Mas isso tudo não basta para ser um bom professor. É ainda necessário conhecer o universo cultural do educando, seu ambiente, história familiar, referências culturais. Sem isso o professor não conseguirá desenvolver um trabalho, que lhe compete, de apresentar ao aluno toda a herança cultural que nossos ancestrais e nós mesmos construímos para ele. E como fazer isso correndo de escola para escola, ziguezagueando pelo trânsito das grandes cidades num carro velho e sem conforto, preocupado em não perder a hora, sem tempo de se fixar, de conhecer os alunos, de olhar bem no rosto de cada um, gravar fisionomias e anseios, inquietações e medos? Como dar uma boa aula devorando superficialmente as informações que o próprio livro escolar oferece, mal sabendo ele mesmo o conteúdo que deveria conhecer a fundo para poder ensinar?
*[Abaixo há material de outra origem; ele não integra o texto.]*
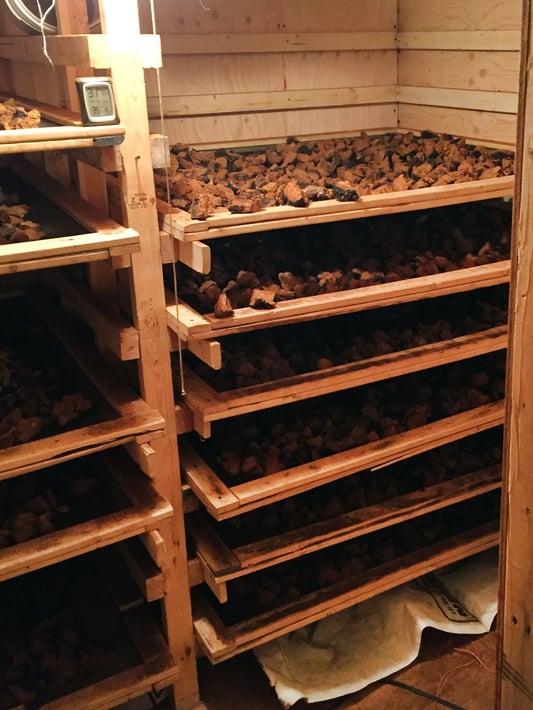 Wooden drying racks filled with chaga mushrooms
Claro que há professores que não mereceriam esse título. Aqueles que, achando que ganham pouco, justificam suas aulas mal dadas sob a alegação de que sua aula deve equivaler à sua remuneração. Os preguiçosos e irresponsáveis, que não se dão conta de que cometem a maior injustiça ao descarregar no aluno as injustiças salariais de que eles são vítimas. Os palanqueiros, que se aproveitam do privilégio de terem platéia cativa para fazer proselitismo religioso ou político. Os superficiais, que criticam conceitos e concepções sem dar aos alunos a oportunidade de conhecê-los. Os preconceituosos, que, em vez de utilizar a escola para esclarecer equívocos e amainar preconceitos, fazem com que ganhem consistência, repetindo frases feitas contra minorias sexuais, religiosas, nacionais, regionais e, principalmente, raciais.
Mas se enganam aqueles que pensam que nosso sistema educacional está sucateado, que nossos professores não têm iniciativa, que se transformaram em funcionários burocráticos do ensino e apenas reclamam de suas condições salariais quando solicitados a se manifestar sobre os problemas da educação. Só quem está muito distante da realidade dos educadores não sabia e a Secretaria de Educação do Estado de São Paulo só fez comprovar, em pesquisa que acaba de realizar: mais do que melhora nos salários, o que os professores desejam é valorização profissional. Não que não se sintam mal remunerados, mas, antes de mais nada, sentem-se desejosos de formação continuada, processos contínuos de capacitação. Têm consciência de suas limitações e querem lutar para superá-las. O país precisa de um programa que una a nação em torno do projeto educacional. Quem se habilita em executá-lo? O professor, pelo menos, sabe o que quer.